カーボンニュートラルのためのグリーン燃料と化学品
= 刊行にあたって =

 約50年前の1971年の世界のCO2の排出量は141億トンであった。2000年には231億トンに増加し、2019年には336億トンになってしまった。CO2の排出量は、50年間で2.4倍にも増加し、更に増加を続けている。この数年間、地球温暖化による熱波や大洪水など異常気象現象が世界各地で頻繁に起こっている。温暖化ガスであるCO2の発生量を2050年までには実質ゼロにしなければ人類だけでなく地球上のあらゆる生命体の生存が危うくなる恐れがある。CCS(CO2の地下貯留)や化石資源を使わない原子力発電によるCO2削減対策は、地震の多い日本では、地政学上困難である。バイオマスも豊富にない。日本がCO2を削減するには、可能な限り太陽光や風力による再生可能エネルギーを導入し、CCUによりCO2をリサイクルして燃料や化学品を製造することである。幸いなことに、世界では太陽光発電コストが急速に安価になりつつあり、アルカリ電解だけでなく、固体高分子型(PEM)や固体酸化物形(SOEC)による電解水素の製造が工業化し始めた。メタンの熱分解によるターコイズ水素も工業化されつつある。欧州では、ロシアのウクライナ侵攻により、ロシアに依存しないエネルギーの自給が加速されている。
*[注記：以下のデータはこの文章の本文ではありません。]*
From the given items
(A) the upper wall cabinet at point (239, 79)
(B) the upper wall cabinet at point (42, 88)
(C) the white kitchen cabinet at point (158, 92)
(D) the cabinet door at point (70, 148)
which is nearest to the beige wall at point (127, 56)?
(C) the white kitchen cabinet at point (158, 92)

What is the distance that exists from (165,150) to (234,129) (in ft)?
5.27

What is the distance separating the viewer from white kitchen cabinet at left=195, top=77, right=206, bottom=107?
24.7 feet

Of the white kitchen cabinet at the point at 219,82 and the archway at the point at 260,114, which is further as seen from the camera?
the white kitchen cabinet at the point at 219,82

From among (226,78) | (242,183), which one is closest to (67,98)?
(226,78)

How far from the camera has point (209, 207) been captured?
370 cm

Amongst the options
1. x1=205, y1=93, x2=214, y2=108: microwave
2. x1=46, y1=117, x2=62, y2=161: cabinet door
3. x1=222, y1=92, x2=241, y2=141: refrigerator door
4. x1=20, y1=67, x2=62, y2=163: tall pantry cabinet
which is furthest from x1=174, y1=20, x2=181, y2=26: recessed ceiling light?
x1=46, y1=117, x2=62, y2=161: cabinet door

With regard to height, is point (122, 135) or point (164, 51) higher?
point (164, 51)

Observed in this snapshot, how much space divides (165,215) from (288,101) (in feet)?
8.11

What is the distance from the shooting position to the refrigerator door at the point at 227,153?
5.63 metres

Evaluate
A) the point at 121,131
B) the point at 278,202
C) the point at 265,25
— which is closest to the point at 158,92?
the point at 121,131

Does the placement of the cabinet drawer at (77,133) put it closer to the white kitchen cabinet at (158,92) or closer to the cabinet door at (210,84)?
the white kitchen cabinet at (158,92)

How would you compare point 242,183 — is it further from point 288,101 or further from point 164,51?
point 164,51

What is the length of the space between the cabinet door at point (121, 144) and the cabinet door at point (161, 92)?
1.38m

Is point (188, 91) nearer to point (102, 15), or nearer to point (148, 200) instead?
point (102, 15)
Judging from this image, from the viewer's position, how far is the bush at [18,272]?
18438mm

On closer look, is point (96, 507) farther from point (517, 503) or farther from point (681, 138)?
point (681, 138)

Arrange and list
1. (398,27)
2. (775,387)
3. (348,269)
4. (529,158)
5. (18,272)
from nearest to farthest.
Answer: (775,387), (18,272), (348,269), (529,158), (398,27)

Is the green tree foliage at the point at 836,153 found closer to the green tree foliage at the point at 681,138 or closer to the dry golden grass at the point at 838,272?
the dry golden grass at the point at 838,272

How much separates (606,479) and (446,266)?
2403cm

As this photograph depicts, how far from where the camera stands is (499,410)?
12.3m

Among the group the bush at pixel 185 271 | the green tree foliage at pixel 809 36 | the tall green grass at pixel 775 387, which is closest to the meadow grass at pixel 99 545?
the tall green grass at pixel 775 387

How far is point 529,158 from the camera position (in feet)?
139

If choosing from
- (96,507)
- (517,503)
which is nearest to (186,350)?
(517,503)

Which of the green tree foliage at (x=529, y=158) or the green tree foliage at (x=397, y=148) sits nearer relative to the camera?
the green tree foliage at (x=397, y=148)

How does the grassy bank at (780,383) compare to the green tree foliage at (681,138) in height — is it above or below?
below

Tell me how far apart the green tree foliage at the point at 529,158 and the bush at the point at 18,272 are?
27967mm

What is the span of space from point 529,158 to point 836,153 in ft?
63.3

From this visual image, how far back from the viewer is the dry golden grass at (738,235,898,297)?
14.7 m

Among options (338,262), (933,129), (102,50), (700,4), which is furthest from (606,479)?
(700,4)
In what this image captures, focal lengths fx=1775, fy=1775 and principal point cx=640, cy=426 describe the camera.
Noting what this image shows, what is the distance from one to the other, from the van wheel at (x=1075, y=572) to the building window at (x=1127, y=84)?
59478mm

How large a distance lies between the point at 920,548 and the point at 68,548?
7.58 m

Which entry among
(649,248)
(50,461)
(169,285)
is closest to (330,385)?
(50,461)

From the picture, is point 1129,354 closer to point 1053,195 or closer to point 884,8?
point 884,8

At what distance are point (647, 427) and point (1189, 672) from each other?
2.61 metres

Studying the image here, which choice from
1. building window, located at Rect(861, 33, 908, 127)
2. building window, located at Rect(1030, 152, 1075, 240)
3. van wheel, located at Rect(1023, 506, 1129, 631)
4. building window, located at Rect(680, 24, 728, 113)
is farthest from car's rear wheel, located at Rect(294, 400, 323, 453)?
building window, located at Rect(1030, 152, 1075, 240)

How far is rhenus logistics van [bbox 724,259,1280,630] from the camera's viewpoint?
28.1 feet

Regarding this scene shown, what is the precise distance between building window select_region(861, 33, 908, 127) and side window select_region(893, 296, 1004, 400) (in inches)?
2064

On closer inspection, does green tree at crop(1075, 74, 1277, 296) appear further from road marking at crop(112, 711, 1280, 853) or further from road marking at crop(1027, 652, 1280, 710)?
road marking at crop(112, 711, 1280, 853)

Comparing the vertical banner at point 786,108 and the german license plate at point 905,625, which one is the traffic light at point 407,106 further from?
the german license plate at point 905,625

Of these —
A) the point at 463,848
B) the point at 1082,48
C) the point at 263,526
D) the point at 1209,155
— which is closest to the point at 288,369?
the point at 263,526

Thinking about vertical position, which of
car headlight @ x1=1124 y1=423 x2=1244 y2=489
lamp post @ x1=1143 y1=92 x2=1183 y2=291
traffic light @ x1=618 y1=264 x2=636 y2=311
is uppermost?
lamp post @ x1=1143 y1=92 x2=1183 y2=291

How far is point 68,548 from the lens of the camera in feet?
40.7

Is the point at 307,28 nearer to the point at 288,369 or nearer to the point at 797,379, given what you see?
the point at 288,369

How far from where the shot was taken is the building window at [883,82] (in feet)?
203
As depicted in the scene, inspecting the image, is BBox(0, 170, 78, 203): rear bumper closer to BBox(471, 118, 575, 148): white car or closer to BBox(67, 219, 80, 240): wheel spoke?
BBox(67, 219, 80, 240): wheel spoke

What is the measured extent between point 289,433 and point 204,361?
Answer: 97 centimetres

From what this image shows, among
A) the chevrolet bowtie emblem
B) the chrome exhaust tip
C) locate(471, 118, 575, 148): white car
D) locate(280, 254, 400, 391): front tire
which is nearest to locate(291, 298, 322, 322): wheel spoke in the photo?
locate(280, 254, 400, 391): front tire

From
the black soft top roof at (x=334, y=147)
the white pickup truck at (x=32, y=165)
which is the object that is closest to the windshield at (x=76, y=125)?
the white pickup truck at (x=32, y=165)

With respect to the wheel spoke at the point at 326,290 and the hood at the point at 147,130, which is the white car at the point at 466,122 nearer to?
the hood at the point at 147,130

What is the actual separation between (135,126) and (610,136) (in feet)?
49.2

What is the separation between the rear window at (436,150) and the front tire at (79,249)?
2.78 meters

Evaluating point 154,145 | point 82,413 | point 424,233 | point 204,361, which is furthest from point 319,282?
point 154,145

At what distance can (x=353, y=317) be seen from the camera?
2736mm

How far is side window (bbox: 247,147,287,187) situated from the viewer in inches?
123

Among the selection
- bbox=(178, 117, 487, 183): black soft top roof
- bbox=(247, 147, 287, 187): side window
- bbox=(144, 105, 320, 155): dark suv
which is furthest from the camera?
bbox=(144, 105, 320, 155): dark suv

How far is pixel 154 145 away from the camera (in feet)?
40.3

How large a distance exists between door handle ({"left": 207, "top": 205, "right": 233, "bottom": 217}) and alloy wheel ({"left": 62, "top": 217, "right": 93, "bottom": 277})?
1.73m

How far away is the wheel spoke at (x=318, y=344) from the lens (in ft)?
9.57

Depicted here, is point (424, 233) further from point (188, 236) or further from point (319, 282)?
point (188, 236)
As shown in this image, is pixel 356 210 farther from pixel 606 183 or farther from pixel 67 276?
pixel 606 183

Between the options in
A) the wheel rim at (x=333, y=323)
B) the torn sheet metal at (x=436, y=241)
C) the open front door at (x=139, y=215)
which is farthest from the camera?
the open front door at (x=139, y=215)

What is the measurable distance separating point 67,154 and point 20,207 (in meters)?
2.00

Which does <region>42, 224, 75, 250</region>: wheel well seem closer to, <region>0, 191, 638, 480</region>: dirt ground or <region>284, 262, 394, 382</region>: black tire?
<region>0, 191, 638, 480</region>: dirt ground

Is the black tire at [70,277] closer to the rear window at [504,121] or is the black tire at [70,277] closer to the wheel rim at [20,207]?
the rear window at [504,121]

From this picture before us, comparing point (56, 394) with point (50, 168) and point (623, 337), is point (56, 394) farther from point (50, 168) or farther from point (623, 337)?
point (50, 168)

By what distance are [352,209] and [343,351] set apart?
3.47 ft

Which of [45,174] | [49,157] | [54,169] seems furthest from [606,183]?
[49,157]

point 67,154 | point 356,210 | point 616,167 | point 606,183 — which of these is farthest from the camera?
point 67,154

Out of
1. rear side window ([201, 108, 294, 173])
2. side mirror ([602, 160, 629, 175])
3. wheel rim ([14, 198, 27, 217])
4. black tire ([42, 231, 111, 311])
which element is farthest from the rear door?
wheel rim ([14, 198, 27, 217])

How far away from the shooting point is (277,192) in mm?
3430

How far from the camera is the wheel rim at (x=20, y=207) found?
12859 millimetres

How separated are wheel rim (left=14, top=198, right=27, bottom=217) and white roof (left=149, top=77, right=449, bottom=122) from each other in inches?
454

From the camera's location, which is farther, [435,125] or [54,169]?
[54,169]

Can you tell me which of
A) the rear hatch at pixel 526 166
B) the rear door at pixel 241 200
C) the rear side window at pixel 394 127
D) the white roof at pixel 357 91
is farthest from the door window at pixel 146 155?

 日本の推進するエネルギー対策のための第6次エネルギー基本計画には、太陽光や、風力を用いた再生可能エネルギーを従来の倍以上大幅に導入することが示されている。再生可能エネルギーは不安定であるため、大量の余剰エネルギーが生じる。安価な再生可能エネルギーや余剰エネルギーを水素に転換し、CO2と反応させることによって、カーボンフリーのメタンや航空燃料等の液体燃料、そして化学品原料を製造することができる。石油化学の象徴でもある化石資源のナフサを用いた熱分解によるエチレンセンターはCO2と再エネ水素を原料とした新たな化学センターに変貌することが予想される。プラスチックは化石資源ではなく、リサイクルとバイオマスやCO2から製造されることになる。国内で不足するエネルギーは、海外の再生可能エネルギーをアンモニアやMCHなどのエネルギーキャリアを用いて輸入することになる。日本はエネルギーや化学品原料である化石資源を海外から輸入して高度成長してきた。しかし、これからのエネルギーや化学品原料は自ら日本又は海外で製造しなければならない。燃料や化学品を自製するという今までに体験したことのない変換を成し遂げなければならない。

 そのためにはグリーン燃料とグリーン化学品製造の国内外の最新技術を知り、日本のカーボンニュートラル実現に必要な技術の開発を急がなければならない。

 そのためにこの拙著が何らかのお役に立てることができればこの上ない幸せである。